接下来我们先看看ComputeResponseList
这个函数。这个函数是个长达380行的超长函数,为了更方便地理解这个函数在干什么,这里先把cache以及检查stall的代码去除:
ResponseList Controller::ComputeResponseList(std::atomic_bool& shut_down,
HorovodGlobalState& state) {
CacheCoordinator cache_coordinator(response_cache_.num_active_bits());
// message queue used only in this cycle
std::deque<Request> message_queue_tmp;
tensor_queue_.PopMessagesFromQueue(message_queue_tmp);
for (auto& message : message_queue_tmp) {
if (message.request_type() == Request::JOIN) {
state.joined = true;
cache_coordinator.set_uncached_in_queue(true);
continue;
}
}
// Flag indicating that the background thread should shut down.
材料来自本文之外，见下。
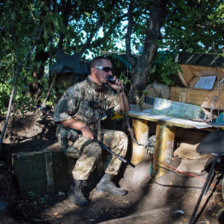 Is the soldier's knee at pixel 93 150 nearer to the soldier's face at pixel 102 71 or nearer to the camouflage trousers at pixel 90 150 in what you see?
the camouflage trousers at pixel 90 150

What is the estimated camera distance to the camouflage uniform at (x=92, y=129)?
142 inches

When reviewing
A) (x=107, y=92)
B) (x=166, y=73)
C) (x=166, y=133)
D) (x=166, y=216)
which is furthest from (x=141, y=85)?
(x=166, y=216)

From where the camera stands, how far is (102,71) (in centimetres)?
402

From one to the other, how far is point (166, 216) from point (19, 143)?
131 inches

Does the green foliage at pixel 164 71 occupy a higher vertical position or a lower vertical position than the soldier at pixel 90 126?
higher

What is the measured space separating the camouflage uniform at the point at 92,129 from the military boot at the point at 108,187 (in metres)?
0.11

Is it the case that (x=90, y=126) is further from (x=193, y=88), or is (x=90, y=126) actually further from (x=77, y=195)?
(x=193, y=88)

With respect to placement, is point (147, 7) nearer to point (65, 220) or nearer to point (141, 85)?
point (141, 85)

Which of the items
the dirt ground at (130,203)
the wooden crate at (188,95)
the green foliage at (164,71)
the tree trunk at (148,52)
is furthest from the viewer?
the tree trunk at (148,52)

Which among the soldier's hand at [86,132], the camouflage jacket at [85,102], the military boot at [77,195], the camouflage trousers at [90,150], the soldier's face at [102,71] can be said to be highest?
the soldier's face at [102,71]

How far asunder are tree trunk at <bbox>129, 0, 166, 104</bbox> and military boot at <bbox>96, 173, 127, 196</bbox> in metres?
1.95

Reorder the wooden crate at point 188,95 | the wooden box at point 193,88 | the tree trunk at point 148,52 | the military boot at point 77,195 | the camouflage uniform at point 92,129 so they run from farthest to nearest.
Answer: the tree trunk at point 148,52 < the wooden crate at point 188,95 < the wooden box at point 193,88 < the camouflage uniform at point 92,129 < the military boot at point 77,195

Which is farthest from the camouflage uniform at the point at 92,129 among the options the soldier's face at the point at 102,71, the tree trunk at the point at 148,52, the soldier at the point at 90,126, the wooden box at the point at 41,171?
the tree trunk at the point at 148,52

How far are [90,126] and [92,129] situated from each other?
0.19 ft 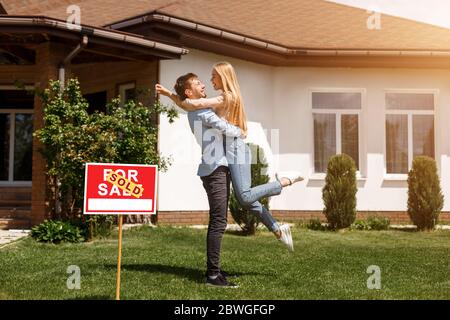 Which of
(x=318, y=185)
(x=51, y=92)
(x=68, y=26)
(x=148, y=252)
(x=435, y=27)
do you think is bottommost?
(x=148, y=252)

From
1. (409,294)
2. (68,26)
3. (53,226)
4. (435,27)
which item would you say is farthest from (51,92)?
(435,27)

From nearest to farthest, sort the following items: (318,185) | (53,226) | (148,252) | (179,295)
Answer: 1. (179,295)
2. (148,252)
3. (53,226)
4. (318,185)

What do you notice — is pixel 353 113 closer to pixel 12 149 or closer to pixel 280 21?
pixel 280 21

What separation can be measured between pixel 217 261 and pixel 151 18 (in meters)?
7.13

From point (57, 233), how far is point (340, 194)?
5596 mm

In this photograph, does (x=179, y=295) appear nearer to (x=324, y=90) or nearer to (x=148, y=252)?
(x=148, y=252)

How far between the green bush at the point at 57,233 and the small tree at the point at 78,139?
685 mm

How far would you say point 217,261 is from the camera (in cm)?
529

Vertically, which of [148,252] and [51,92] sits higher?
[51,92]

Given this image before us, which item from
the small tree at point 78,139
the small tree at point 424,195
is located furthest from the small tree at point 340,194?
the small tree at point 78,139

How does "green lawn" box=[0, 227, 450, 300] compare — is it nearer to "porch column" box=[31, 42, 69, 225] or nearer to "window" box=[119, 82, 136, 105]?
"porch column" box=[31, 42, 69, 225]

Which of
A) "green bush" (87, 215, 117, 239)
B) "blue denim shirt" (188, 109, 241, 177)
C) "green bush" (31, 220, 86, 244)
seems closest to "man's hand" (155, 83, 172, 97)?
"blue denim shirt" (188, 109, 241, 177)

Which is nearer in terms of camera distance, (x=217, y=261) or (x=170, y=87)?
(x=217, y=261)

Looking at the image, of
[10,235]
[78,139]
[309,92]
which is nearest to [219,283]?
[78,139] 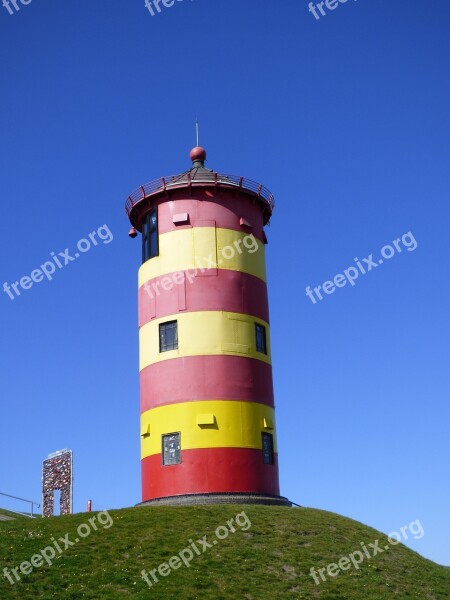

bool should_shut_down = shut_down;
cache_coordinator.set_should_shut_down(should_shut_down);
ResponseList response_list;
response_list.set_shutdown(cache_coordinator.should_shut_down());
{
// Collect all tensors that are ready to be reduced. Record them in the
// tensor count table (rank zero) or send them to rank zero to be
// recorded (everyone else).
std::vector<std::string> ready_to_reduce;
if (is_coordinator_) {
// 对于master进程,记录已经ready的tensor。注意此时message_queue_tmp中的request是来自
// master进程
while (!message_queue_tmp.empty()) {
// Pop the first available message
Request message = message_queue_tmp.front();
message_queue_tmp.pop_front();
if (message.request_type() == Request::JOIN) {
state.joined_size++;
continue;
}
bool reduce = IncrementTensorCount(message, state.joined_size);
if (reduce) {
ready_to_reduce.push_back(message.tensor_name());
}
}
// 接收其他rank的ready的tensor
std::vector<RequestList> ready_list;
RecvReadyTensors(ready_to_reduce, ready_list);
// 处理来自其他rank的request。size_是指有多少个rank
for (int i = 1; i < size_; ++i) {
auto received_message_list = ready_list[i];
for (auto& received_message : received_message_list.requests()) {
auto& received_name = received_message.tensor_name();
// Join类型消息是指有新的rank加入,Horovod支持弹性
if (received_message.request_type() == Request::JOIN) {
state.joined_size++;
continue;
}
// 增加该tensor已经ready的rank的个数,如果所有rank都ready,则发给其他rank
bool reduce = IncrementTensorCount(received_message, state.joined_size);
if (reduce) {
ready_to_reduce.push_back(received_name);
}
}
if (received_message_list.shutdown()) {
// Received SHUTDOWN request from one of the workers.
should_shut_down = true;
}
}
// Check if tensors from previous ticks are ready to reduce after Joins.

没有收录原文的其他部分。